Now the divine law, which Christ thus illustrated to the Jews, and in the illustration of which he declared that anger cherished in the heart was a violation of the sixth command equally with that of actual murder, and from thence deduced the necessity of repentance towards God on the partof those who had been the subjects of anger in the heart, as forcibly applies to us as it did to the Jews; inasmuch as it is not less spiritual and binding than it was, nor yet less fatal in its consequences when broken. If anger without cause was murder in the sight of God to the Jews, so it is with If anger exposed the soul of a Jew to the punishment of God's eternal wrath, without deep repentance on account of it, so it does the soul of any one of us. Mark the language of an inspired apostle (1 John iii. 15): "Whosoever hateth his brother is a murderer; and ye know that no murderer hath eternal life abiding in him."


We learn then from this subject

1. The spirituality of the law of God. God's government is a moral one: he looketh to the state of a

man's heart, and not merely to his outward conduct. This we are too apt to lose sight of: we are too much inclined to look upon the laws of God as we look upon the laws of our country, which have reference only to the regulation of the outward conduct. If we only avoid doing that which they forbid, then we are safe in that case we avoid the penalty threatened upon a transgression. At the same time we may desire to do what they forbid-we may even plan and scheme in our hearts to accomplish what they forbid; and yet, though we desire and plan and scheme to effect it, and even declare our desire to violate the law, we are safe if we do not actually transgress: the law in that case cannot lay hold of us. It is not so, however, with the law of God. The desiring to do a thing which the law of God forbids, is as if it were actually done. The intention, motive, desire of the soul may be as sinful in the sight of God as the outward act. Hence with him anger is as murder; impure desire as adultery. And, while he punishes, or will punish, in the world to come for actual unrepented murder, and actual unrepented adultery, he will also punish for anger, and for indulged impurity of mind. Man, and the laws of man, can only look upon, and have respect unto, the outward conduct; but the infinite and almighty Jehovah looks not only to the outward life, but to the heart which is in man. He fathoms its desires, he proves its motives, he ascertains its intentions! How important then is the scripture exhortation-" Keep thy heart with all diligence; for out of it are the issues of life."

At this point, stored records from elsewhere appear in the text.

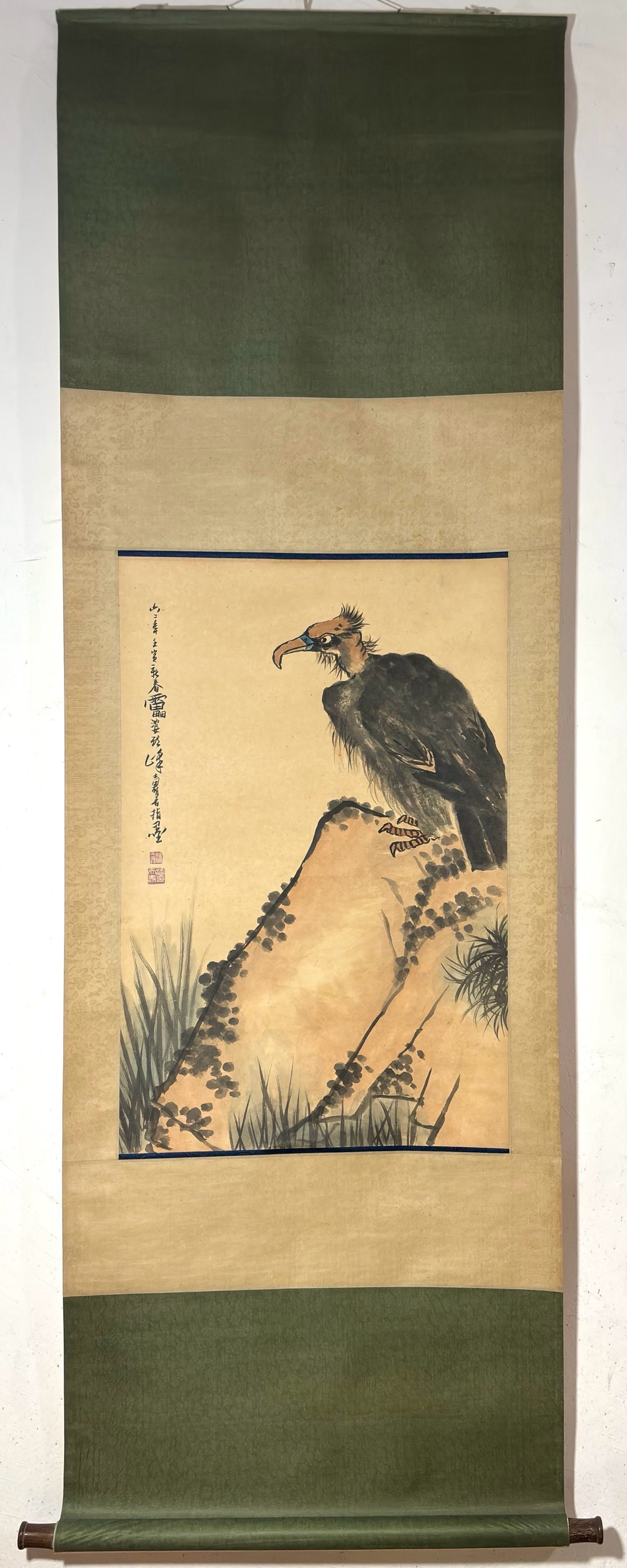 A Chinese Vertical Scroll Ink Painting of Eagle on Paper,Pan Tianshou: A Chinese Vertical Scroll Ink Painting of Eagle on Paper,Pan Tianshou,Size:(Without frame)31.5inx20.7in一幅中国水墨鹰图立轴,潘天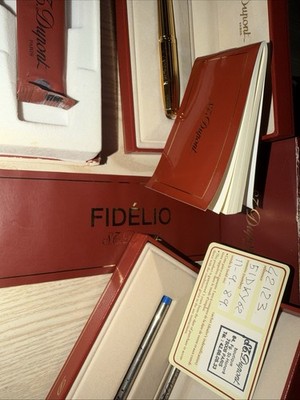 S.T Dupont Paris Pen And Extra Fillers vintage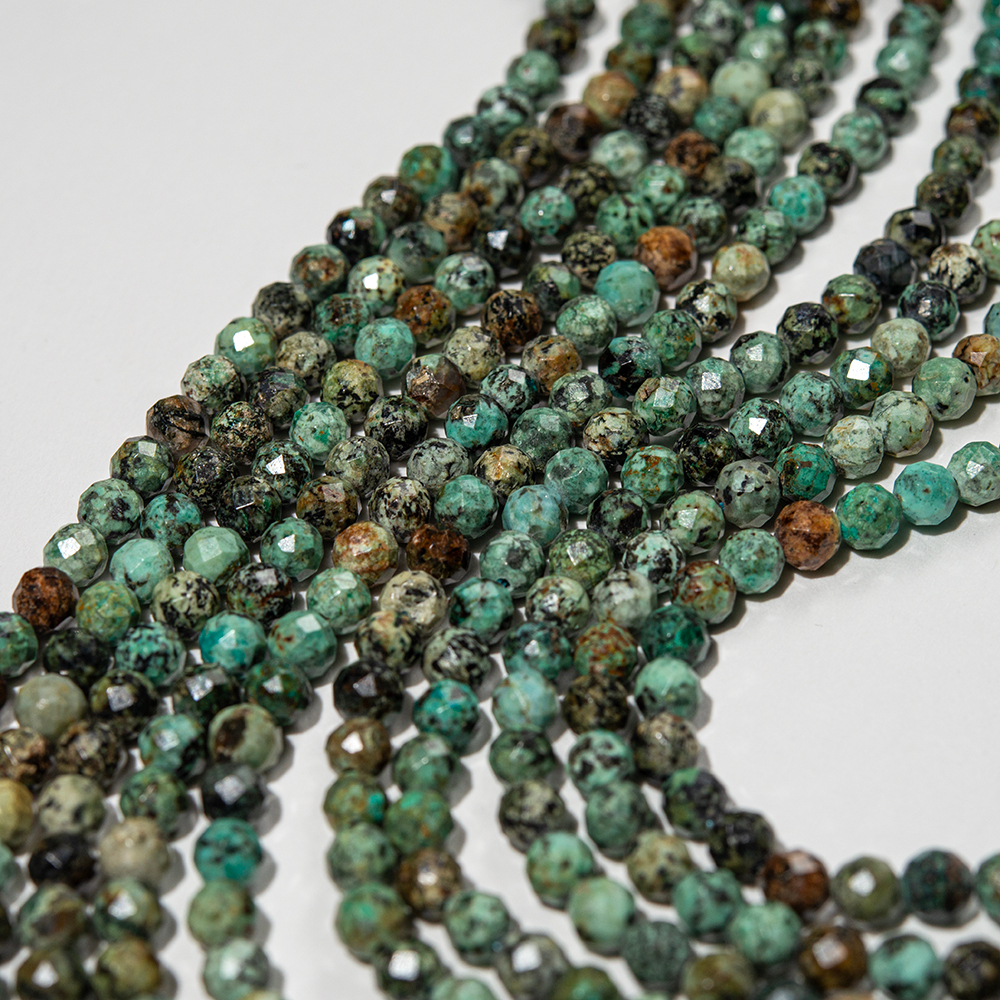 Хризоколла натуральная, 4мм, шар, микроогранка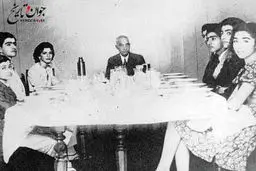 ضیافت خانوادگی رضاخان در تبعید/عکس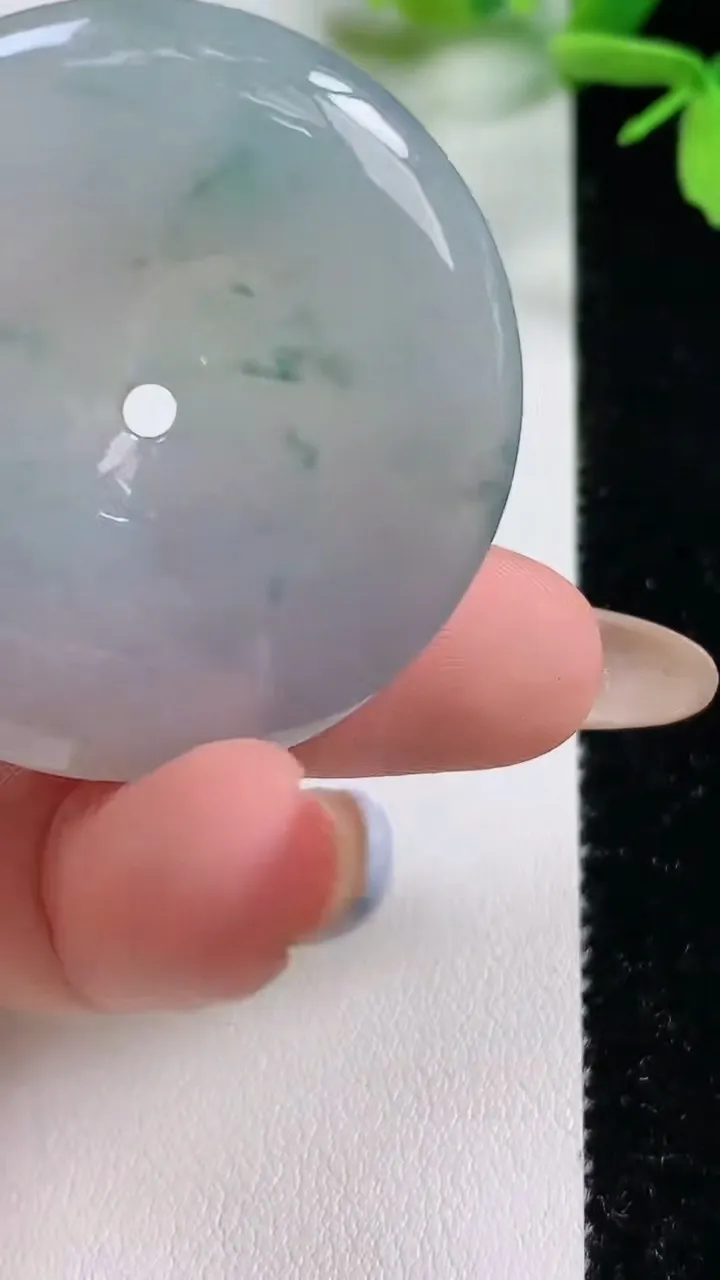 天然A货翡翠平安扣吊坠，尺寸39.8-6.5，重量:22.24g
11月3日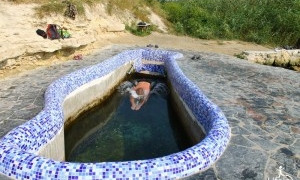 Николаевцы построили бассейн на побережье Ингула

We learn also from the subject 2. The danger of anger. Perhaps some one is disposed to inquire, How far-to what extent, may I be angry with any one without danger? The infinite and almighty God can determine this point, but I cannot. I read in the 22nd verse-"Whosoever is angry with his brother without cause, shall be in danger of the judgment;" but when I examine the word in the original, which is rendered in our translation" without cause," I find it comes from a verb which signifies to yield, to give way to; and therefore the sentence in the 22nd verse may mean, that he who yieldsrashly, hastily-to anger, is subject to the danger pointed out. And if a rash, hasty yielding to angry feelings is sinful, how much more certain is the guilt and danger of him or her, who indulges and cherishes and carries out a feeling of resentment against another! It ought not then to be an enquiry with us how far we may go in anger, and yet be guiltless; but we ought ever to strive against the first rising of any feeling that is likely to lead to anger. We ought to aim at having our tempers so imbued with the calm and hallowing influence of the spirit of holiness, that the very first tendency or inclination of the soul to anger may be subdued; so that, by the grace of God, we may rise superior to that which, by satanic influence, would bring our souls, if indulged, under condemnation. And not only ought we to strive and pray against anger, but to watch against it. It is in this way we gather spiritual strength-strength to conquer those foes which rise up against us, both inwardly and outwardly. And, if we strive and watch and pray against any thing which may endanger our soul's present and eternal happiness, and look to God through Christ Jesus for help in our spiritual conflicts, we shall undoubtedly be made more than conquerors through him that hath loved us and given himself for us.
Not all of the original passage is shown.